### Problem to work on:
Everything from the line containing "Men's Monogram Striped Yarn-Dye Scarf" through the final line of the entries, both included, should be copied exactly and with nothing else; please skip pictures.

[Provided material Boundary: Start]

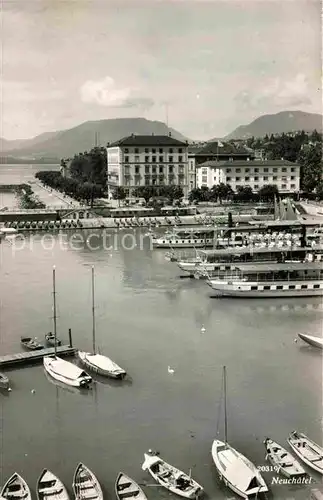 AK / Ansichtskarte Neuchatel NE Hafen Kat. Neuchatel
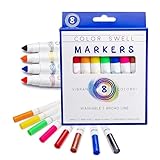 Color Swell 8-Pack Broad Line Markers – Washable, Non-Toxic, Ideal for Kids, Students, Adults, and Classroom Activities
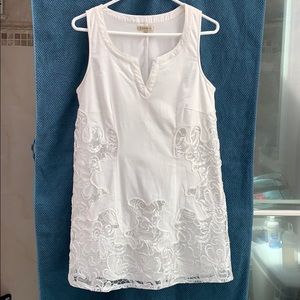 EUC Lucy & Co. White lace dress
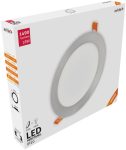   Avide LED Beépíthető Kerek Mennyezeti Lámpa ALU Szatén Nikkel 18W NW 4000K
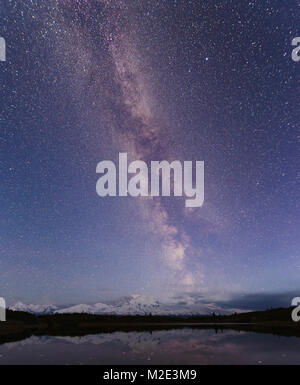 Starry Night Over Mountain Lake in Italy: A Breathtaking View Stock ...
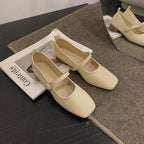 Damen Ballerinas mit elegantem Riemchen und hochwertiger Oberflächenstruktur EB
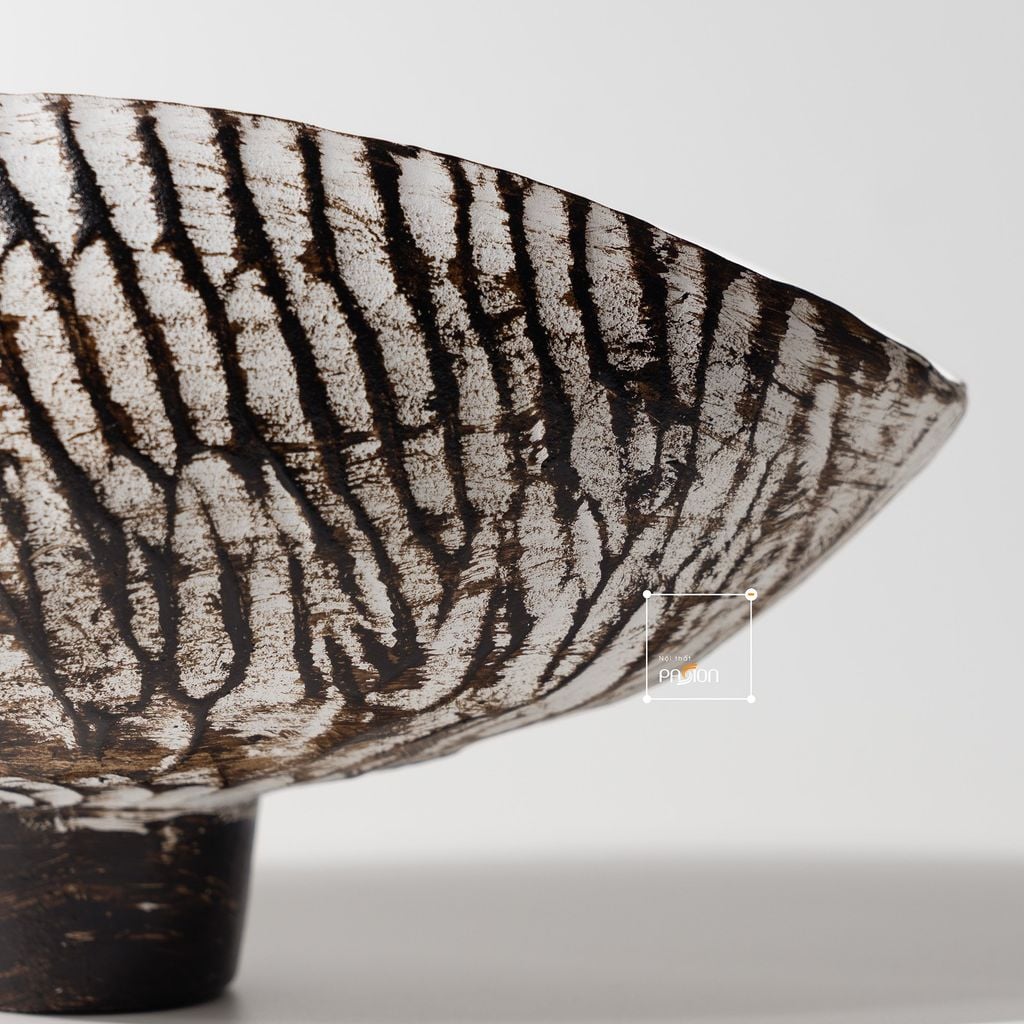 Đồ Decor Dĩa Trang Trí Dĩa Trái Cây Wabi-Sabi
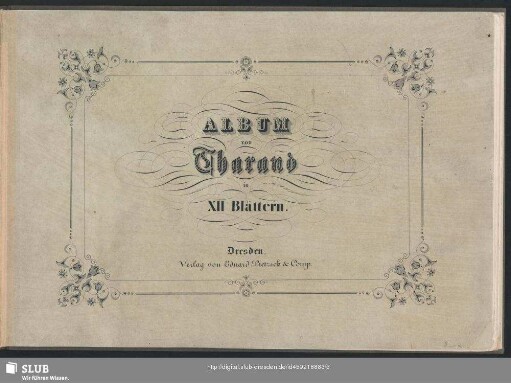 Album von Tharand : in XII Blättern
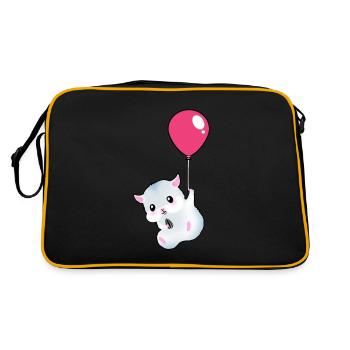Un hamster Avec un tournesol Accroché - Sac Retro - noir/or - Dos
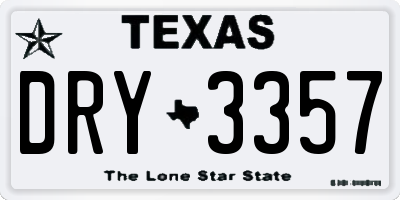 TX license plate DRY3357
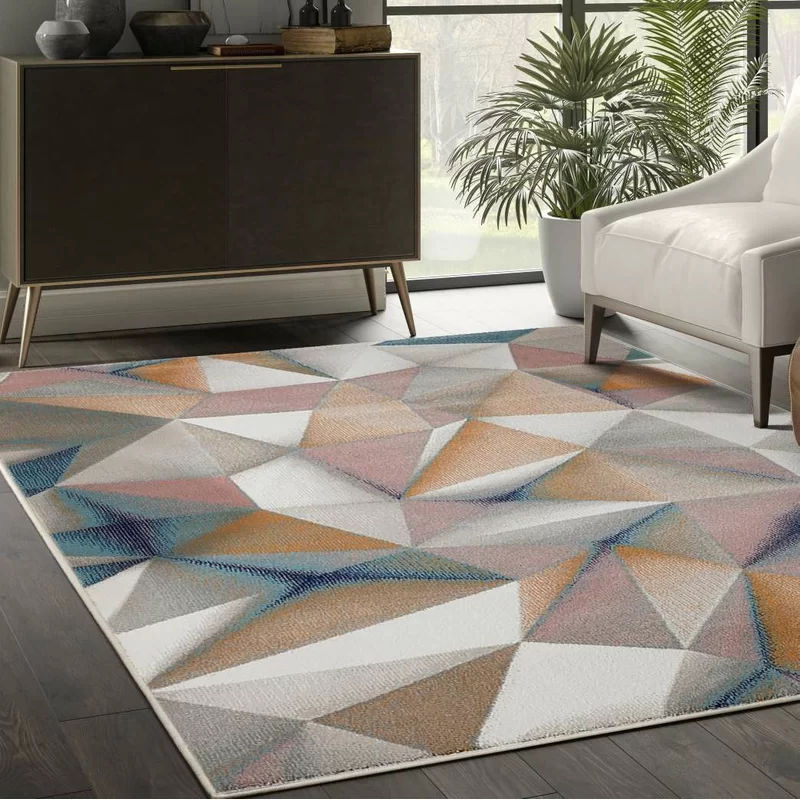 Jenifry Geometric Area Rug-7'9"x10'2" thumbnail 2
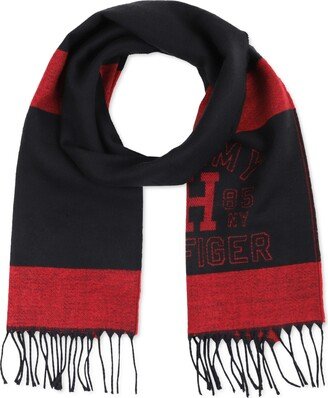 Men's Monogram Striped Yarn-Dye Scarf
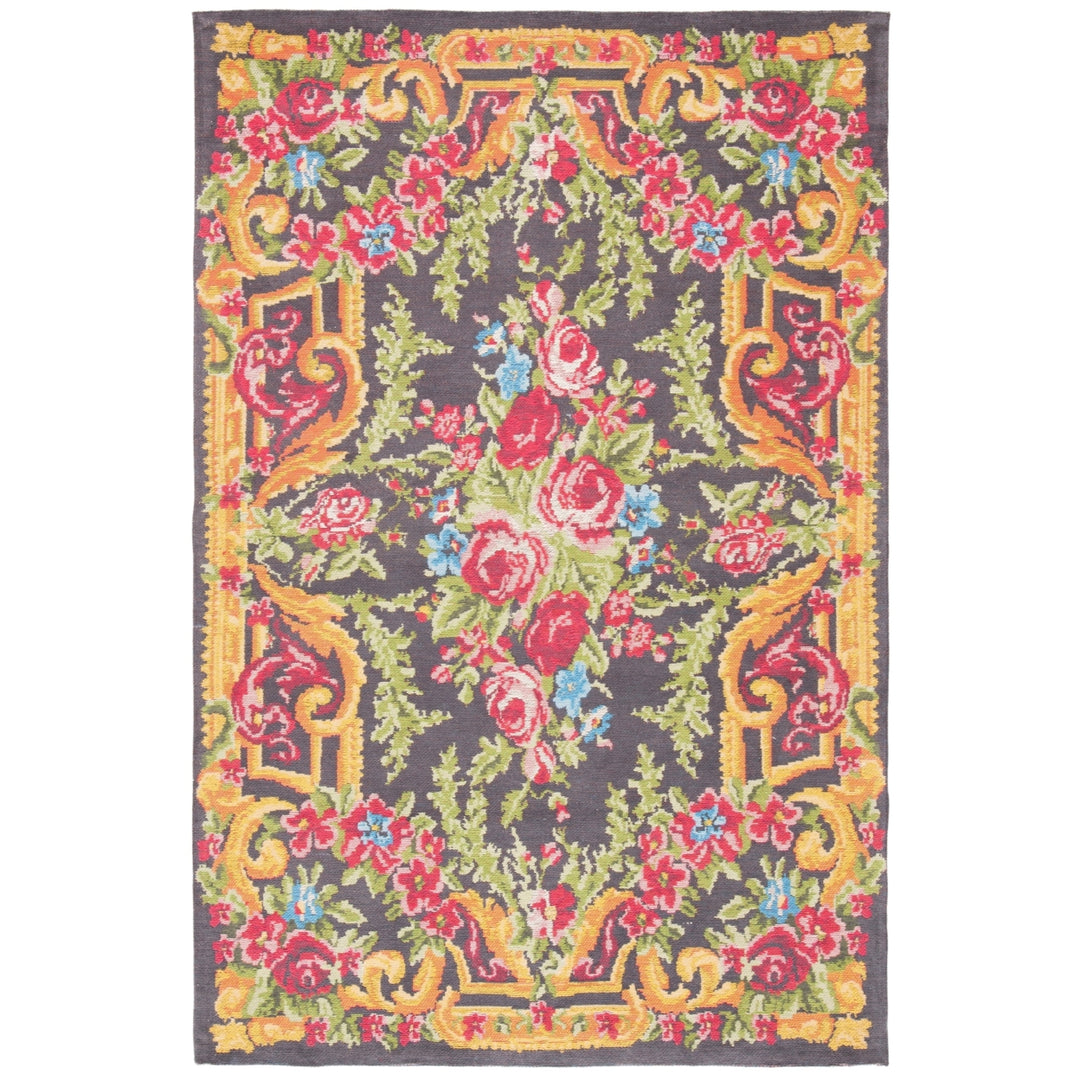 SAFAVIEH Classic Vintage CLV112F Grey / Rose Rug Image 5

[Provided material Boundary: End]

### Result for this exercise:
 Men's Monogram Striped Yarn-Dye Scarf
 SAFAVIEH Classic Vintage CLV112F Grey / Rose Rug Image 5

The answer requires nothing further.